Youngsters squealed with delight as they zipped down hills on sleds, tires and plastic disks, some going airborne over a bump on one particularly steep slope. A man shoveled snow into a pickup truck to take back to his family in Chula Vista. A San Diego grandmother helped her granddaughter build a snowman. A woman glided across a snowy field on cross-country skis, while a pair of youngsters engaged in a vigorous snowball fight.
|San Diego family builds a snowman|
The sun shined through a veil of white-coated trees, sending a cascade of powdery snow downward--along with one large chunk of ice that landed on my head with a resounding thud as I shot photos off a wooden platform. I stopped in a gift store atop Mount Laguna, where icicles rimmed the lodge and ice crunched beneath my feat. Later, I pulled off onto a desert overlook for a breath-taking vista of the Anza-Borrego desert valley with snow-coated slopes above. A lone hiker and his dog took in the wilderness panorama.
Getting to Julian proved a challenge, since Sunrise Highway was closed off at one end. So I back-tracked to Pine Valley and picked up Old Highway 80 through Guatay with its quaint wood and stone buildings including an old-time store complete with wooden Indian out front. After merging onto Highway 79, I discovered a pristine paradise at Lake Cuyamaca. A thin sheen of ice transformed the water into a glimmering surface, except for the boats moored near a dock. Feather-like clouds in the sky mirrored tufts and mounds of snow below in a picture postcard perfect setting. Across the road, an alpine village nestled on a snowy slope, exuding character and charm.

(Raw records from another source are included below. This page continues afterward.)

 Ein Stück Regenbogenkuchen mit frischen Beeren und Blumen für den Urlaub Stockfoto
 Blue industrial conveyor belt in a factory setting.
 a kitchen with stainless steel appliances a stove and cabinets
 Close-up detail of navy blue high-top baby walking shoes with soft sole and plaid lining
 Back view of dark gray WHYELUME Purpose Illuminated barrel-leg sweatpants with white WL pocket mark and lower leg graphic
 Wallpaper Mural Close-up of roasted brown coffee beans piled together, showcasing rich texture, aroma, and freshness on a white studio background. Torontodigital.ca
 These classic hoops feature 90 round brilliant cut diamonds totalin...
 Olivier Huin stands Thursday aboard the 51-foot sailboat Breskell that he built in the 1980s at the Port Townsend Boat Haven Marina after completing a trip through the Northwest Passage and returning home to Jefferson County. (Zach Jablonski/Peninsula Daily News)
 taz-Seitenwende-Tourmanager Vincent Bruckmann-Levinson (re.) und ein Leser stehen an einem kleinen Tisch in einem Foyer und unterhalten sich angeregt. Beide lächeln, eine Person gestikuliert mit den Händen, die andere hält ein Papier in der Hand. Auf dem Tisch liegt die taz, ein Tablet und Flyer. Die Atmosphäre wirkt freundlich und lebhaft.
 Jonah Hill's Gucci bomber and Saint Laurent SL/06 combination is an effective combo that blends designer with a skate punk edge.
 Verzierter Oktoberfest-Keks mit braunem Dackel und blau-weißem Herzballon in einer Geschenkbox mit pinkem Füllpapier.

In Julian, the historic Julian hotel was decked out in holiday trimmings. No visit to Julian would be complete without a trip to Mom's for apple pie and hot cider, despite a line that wrapped out the door and down the block. Needing to rationalize taking a "snow day" off just for fun, I decided to do some holiday shopping. So I stopped in a shop on Main Street and bought an amethyst necklace for my niece and some sweet orange soap for another family member. I also visited with some other merchants to let them know about East County Magazine's upcoming "Meals, Deals and Steals" section. Several proved interested in advertising, assuaging my guilt at taking a day off work. I snapped some more photos in the vicinity, from cozy cabins to the historic Julian library perched on a hill like a sentinel from a bygone era.
|golden oak leaves in snow at Cuyamaca|
All too soon, it was time to head back home, watching the sunset in a fiery pink-orange blaze as I wound my way back down the mountain. By the next day, CHP had closed off access to Julian and Mount Laguna as traffic gridlocked; if you plan to visit, it's best to take your own "snow day" and head up on a weekday. Fortunately, weather forecasts predict another storm coming soon, virtually assuring a white Christmas--and maybe even a white New Year--in East County's mountains. Enjoy!